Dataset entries
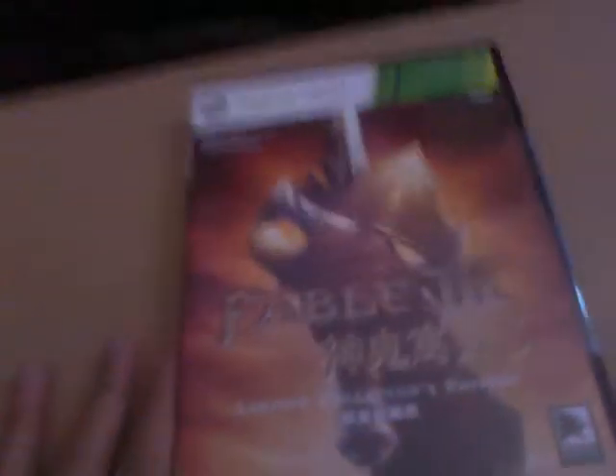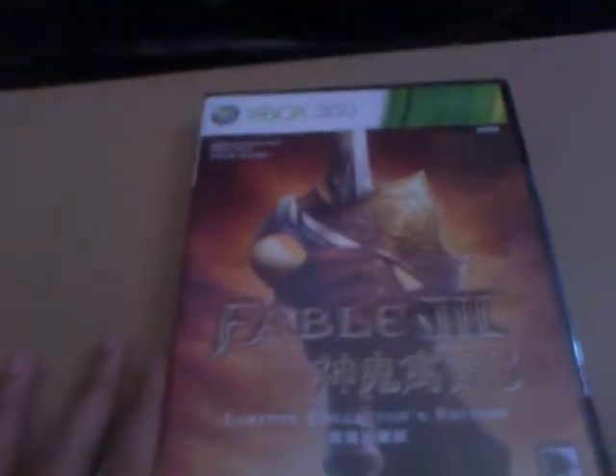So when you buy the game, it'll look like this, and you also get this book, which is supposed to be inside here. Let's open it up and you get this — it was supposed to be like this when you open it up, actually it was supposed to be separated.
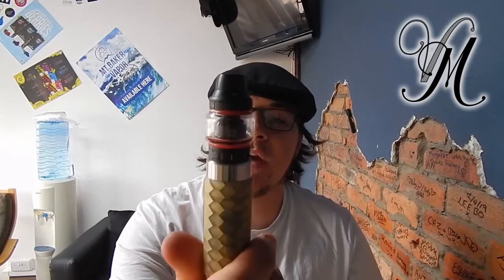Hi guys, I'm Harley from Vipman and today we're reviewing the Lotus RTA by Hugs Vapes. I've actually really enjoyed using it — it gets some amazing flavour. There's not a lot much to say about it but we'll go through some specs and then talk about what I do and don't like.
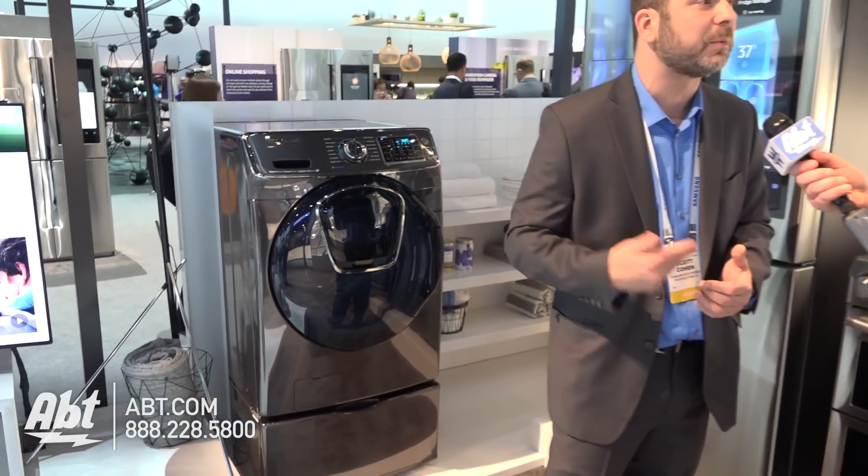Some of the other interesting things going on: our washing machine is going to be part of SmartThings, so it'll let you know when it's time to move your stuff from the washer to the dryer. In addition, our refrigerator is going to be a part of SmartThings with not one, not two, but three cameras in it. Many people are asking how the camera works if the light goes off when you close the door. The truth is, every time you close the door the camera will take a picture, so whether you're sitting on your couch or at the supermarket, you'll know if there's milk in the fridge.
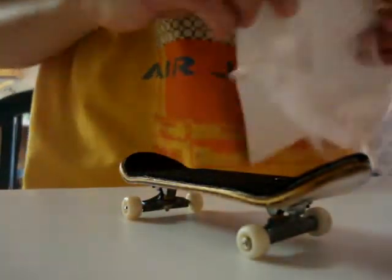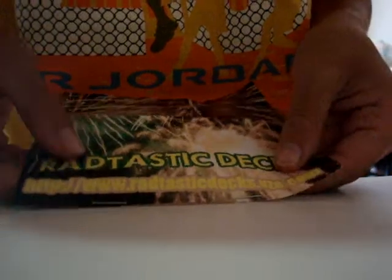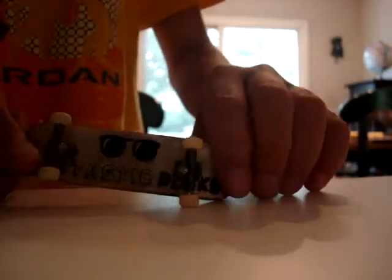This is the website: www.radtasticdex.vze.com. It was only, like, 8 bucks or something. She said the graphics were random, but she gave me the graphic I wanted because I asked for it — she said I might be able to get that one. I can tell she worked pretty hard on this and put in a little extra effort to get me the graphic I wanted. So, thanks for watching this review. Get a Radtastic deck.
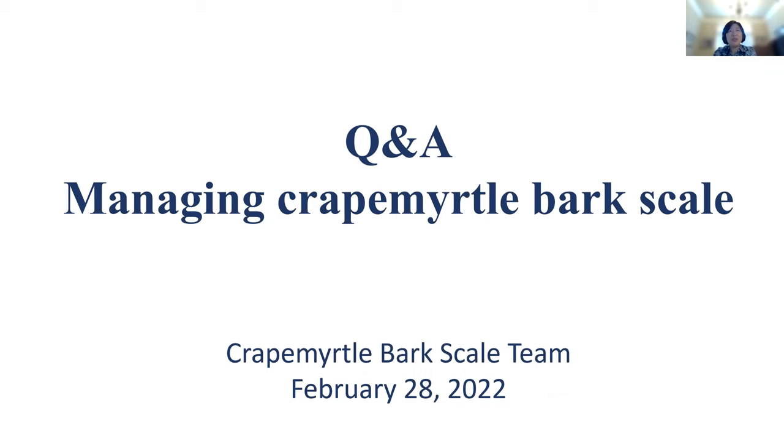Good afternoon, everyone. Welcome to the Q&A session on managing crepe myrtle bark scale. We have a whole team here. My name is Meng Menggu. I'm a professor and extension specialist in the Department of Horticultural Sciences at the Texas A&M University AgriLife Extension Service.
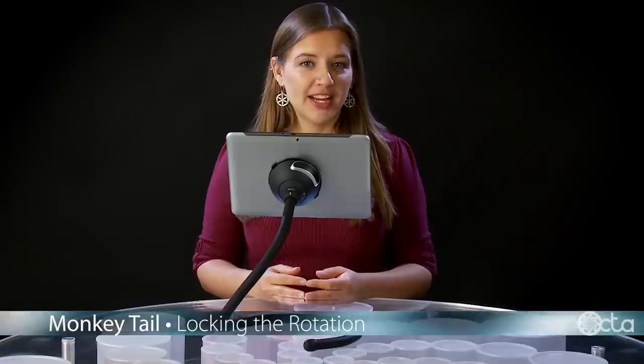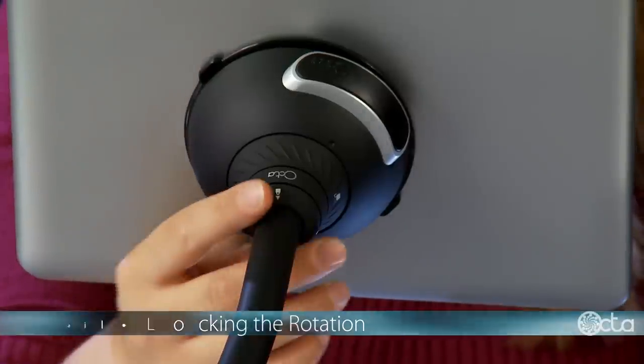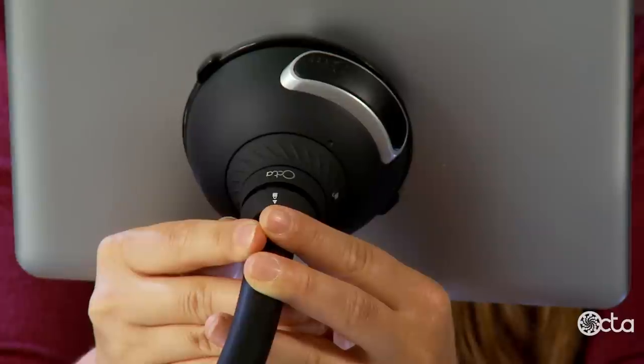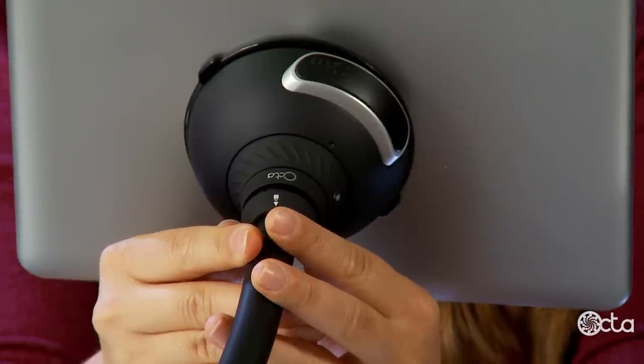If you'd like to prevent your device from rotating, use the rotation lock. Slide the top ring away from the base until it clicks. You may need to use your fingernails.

▶ [What to produce] Carry over each record above character for character, with the pictures left out.

▶ [Your solution]
So when you buy the game, it'll look like this, and you also get this book, which is supposed to be inside here. Let's open it up and you get this — it was supposed to be like this when you open it up, actually it was supposed to be separated.
Hi guys, I'm Harley from Vipman and today we're reviewing the Lotus RTA by Hugs Vapes. I've actually really enjoyed using it — it gets some amazing flavour. There's not a lot much to say about it but we'll go through some specs and then talk about what I do and don't like.
Some of the other interesting things going on: our washing machine is going to be part of SmartThings, so it'll let you know when it's time to move your stuff from the washer to the dryer. In addition, our refrigerator is going to be a part of SmartThings with not one, not two, but three cameras in it. Many people are asking how the camera works if the light goes off when you close the door. The truth is, every time you close the door the camera will take a picture, so whether you're sitting on your couch or at the supermarket, you'll know if there's milk in the fridge.
This is the website: www.radtasticdex.vze.com. It was only, like, 8 bucks or something. She said the graphics were random, but she gave me the graphic I wanted because I asked for it — she said I might be able to get that one. I can tell she worked pretty hard on this and put in a little extra effort to get me the graphic I wanted. So, thanks for watching this review. Get a Radtastic deck.
Good afternoon, everyone. Welcome to the Q&A session on managing crepe myrtle bark scale. We have a whole team here. My name is Meng Menggu. I'm a professor and extension specialist in the Department of Horticultural Sciences at the Texas A&M University AgriLife Extension Service.
If you'd like to prevent your device from rotating, use the rotation lock. Slide the top ring away from the base until it clicks. You may need to use your fingernails.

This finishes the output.